Peter Corbeau first appeared in The Incredible Hulk vol. 2 #148 and was created by Archie Goodwin and Herb Trimpe.

==Fictional character biography==
Peter Corbeau is a college roommate of Bruce Banner and the creator of Starcore. When the army manages to capture the Hulk with tranquilizer bombs, they bring him to Corbeau. Corbeau uses a device that manipulates the sun's rays, which neutralizes the gamma energy enough to regress the Hulk back to Banner.

As an old friend of Charles Xavier, Peter Corbeau rescues Xavier and some of the X-Men from the Sentinels during Christmas. Corbeau assists the X-Men in rescuing Professor X, Cyclops and Jean Grey, who have been captured by Sentinels. Steven Lang informs the captive X-Men that he has been given funding to initiate Project: Armageddon and wipe out the mutant race.
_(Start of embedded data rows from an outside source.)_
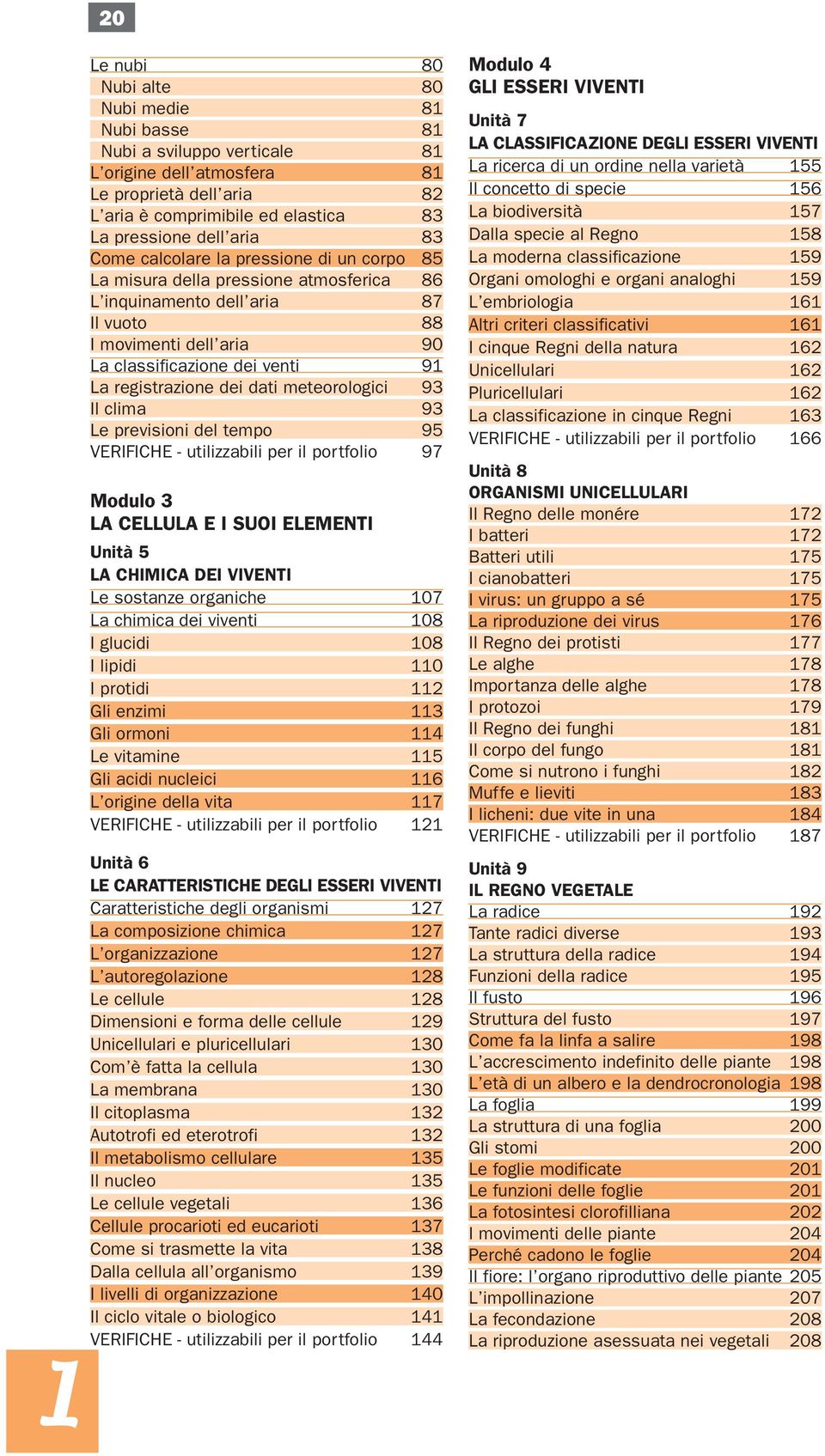 registrazione dei dati meteorologici 93 Il clima 93 Le previsioni del tempo 95 VERIFICHE - utilizzabili per il portfolio 97 Modulo 3 LA CELLULA E I SUOI ELEMENTI Unità 5 LA CHIMICA DEI VIVENTI Le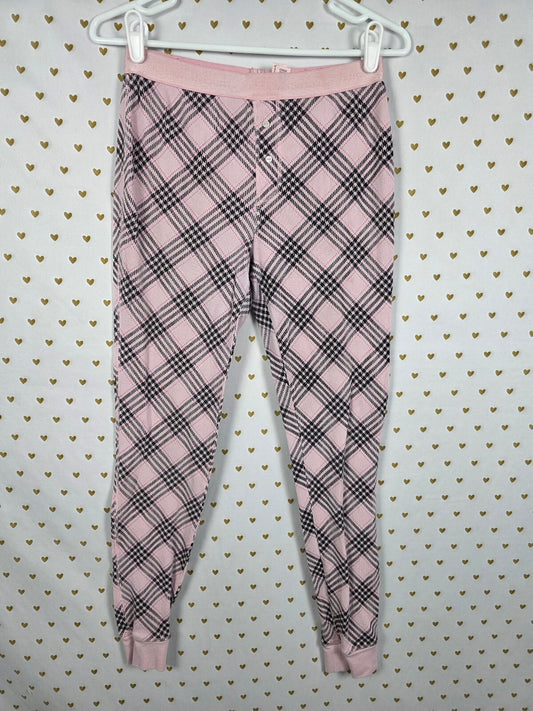 Victorias Secret Plaid Thermal walffle Sleep Pants Pajama Bottoms SMALL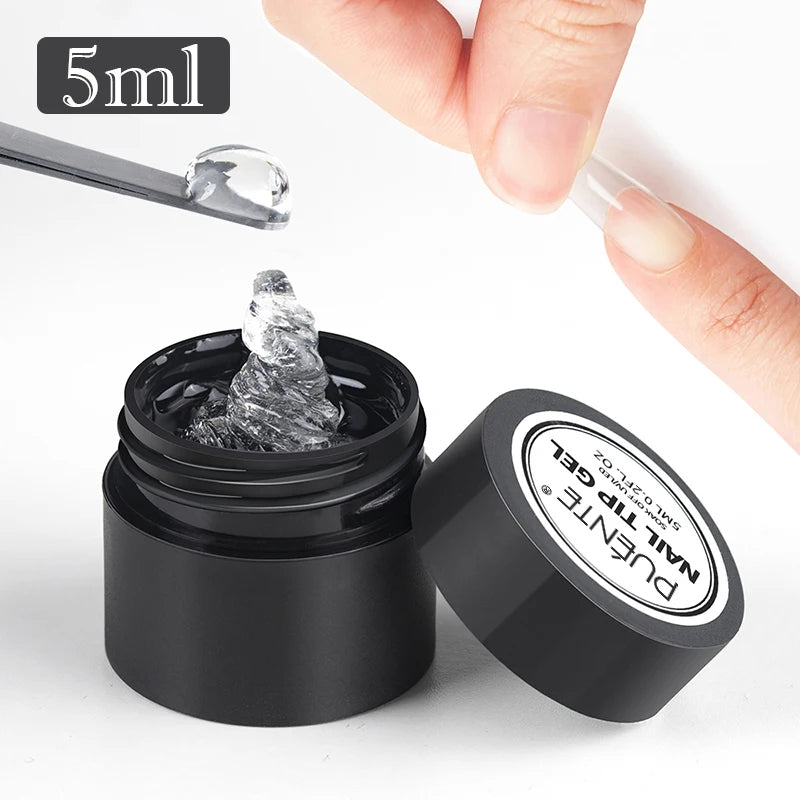 PUENTE 15ML Vitamin E Base Coat Gel Nail Polish For Soft Thin Breaking Nails Strengthen Soak Off UV Gel Varnish For Nail Care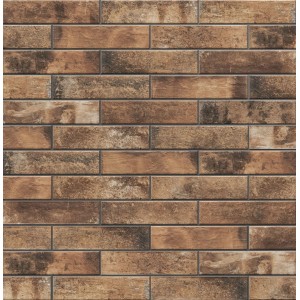 Dekoracyjna ściana z brązowych cegieł klinkierowych t.b.t.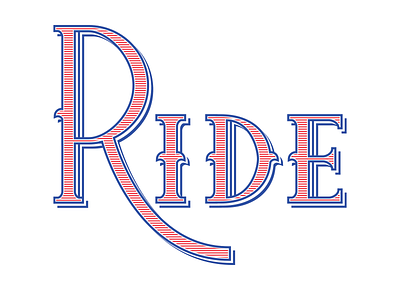 Ride calligraphy capital drop handlettering handwriting lettering logo type typedesign typography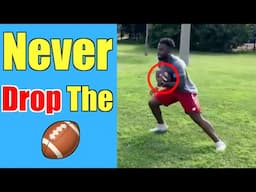 9 Catching Drills Every Football Player Needs To Do! (EXACT DRILLS!)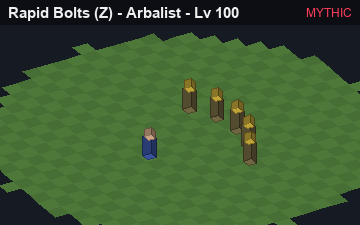 Rapid Bolts, the Mythic form of Rapid Bolts: animated preview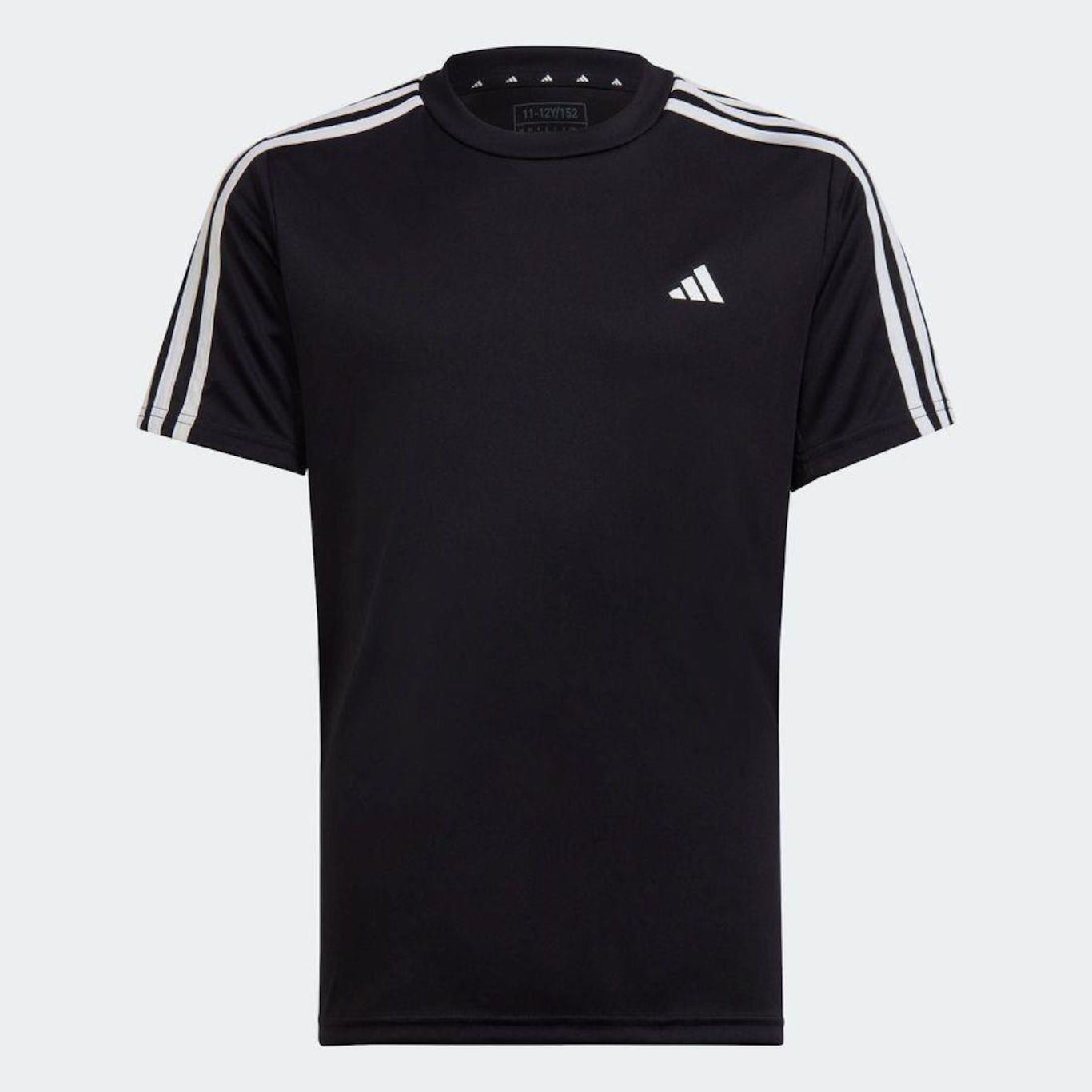 Camiseta adidas Train Essentials Aeroready 3-Stripes Regular Fit - Infantil - Foto 2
Cyclops frees himself from his containment and then frees the others. When the space station is about to explode, Jean maneuvers the Starcore shuttle to safety.

==Powers and abilities==
Peter Corbeau has genius-level intellect.

==In other media==
- Peter Corbeau appears in the X-Men: The Animated Series multi-part episode "The Phoenix Saga".
- Peter Corbeau appears in the Iron Man: Armored Adventures episode "Fun with Lasers", voiced by Alex Zahara. This version is an agent of S.H.I.E.L.D.
- Peter Corbeau appears in The Avengers: Earth's Mightiest Heroes episode "Operation Galactic Storm", voiced by Chris Cox. This version is a commander of S.W.O.R.D. who is in charge of the ship Falchion.